Purpose : The implementation of adaptive optics fluorescence lifetime imaging ophthalmoscopy (AOFLIO) in the living human eye employing a raster scanning imaging regime necessitates collecting >1000 autofluorescence photons at each pixel on a 2D frame. This process encounters challenges from nonlinear sampling induced by resonant scanning of the fast scanner and the intra- and inter-frame displacements caused by rapid eye movement. We present strategic approaches to ensure the precise measurement of retinal autofluorescence lifetime in the living human eye at the cellular level.

Methods : An AOFLIO instrument was employed to measure the retinal autofluorescence lifetime in the living human eye using the time-correlated single photon counting method (excitation λ = 473 nm, autofluorescence detection in 500 – 560 nm and 560 – 720 nm spectral channels). It measures the time differences between emission photons and the corresponding excitation laser pulses and checks the arriving autofluorescence photons at a frequency of 40 MHz and marks the detected photon with a ‘timestamp’ corresponding to the spatiotemporal position of the raster scan. Meanwhile, it simultaneously records high-contrast adaptive optics confocal images of cone photoreceptors with AOFLIO to measure eye movement. An image dewarping algorithm was programmed to redistribute the AOFLIO pixels through a non-interpolative approach to linearize the sinusoidal distortion induced by the resonant scanner. A substrip-based image registration algorithm was used to calculate the retinal movements, enabling high-precision assignment of the autofluorescence photons to the correct spatiotemporal locations, that is, the pixel positions in consecutive frames.
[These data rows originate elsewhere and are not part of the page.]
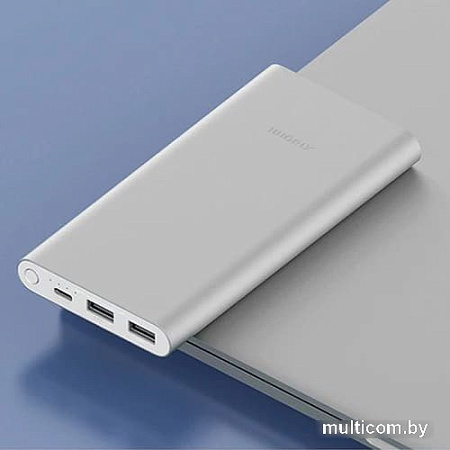 Внешний аккумулятор Xiaomi Power Bank 3 22.5W PB100DZM 10000mAh (серый)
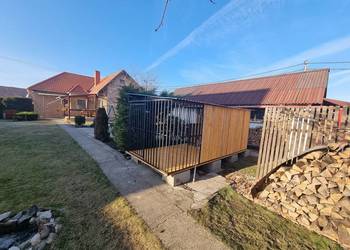 Kojec dla Psa , KOJCE dla Psów ,Dowolne Rozmiary , Dodatki - ESSTAL-
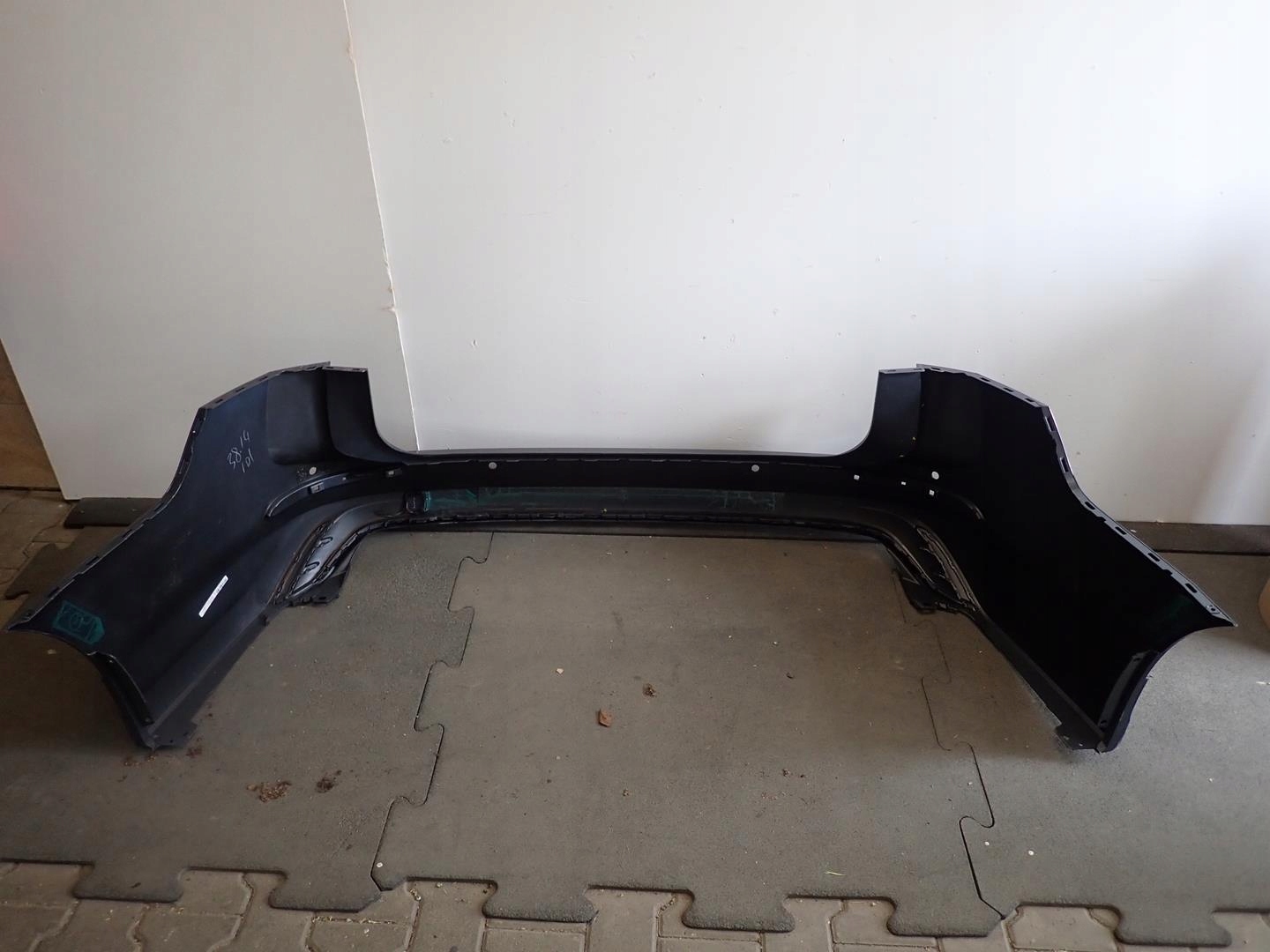 bumper rear part rear VW GOLF VIII R KOMBI 2020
The AOFLIO detects autofluorescence photons four times at each pixel and renders a fluorescence lifetime image with a field of view of 1.2° × 1.2° in 512 × 512 pixels. The fluorescence decay at each pixel was modeled with a tri-exponential function to determine the fluorescence lifetimes and weights of different fluorescent components.

Results : AOFLIO produced high-resolution retinal autofluorescence lifetime images disclosing clear retinal pigment epithelium cells in the human eye.

Conclusions : High-precision photon registration ensured precise measurement of the retinal autofluorescence lifetime at the cellular level, facilitating in vivo study of the structure and metabolic function of the retina and RPE in the human eye.

This abstract was presented at the 2024 ARVO Annual Meeting, held in Seattle, WA, May 5-9, 2024.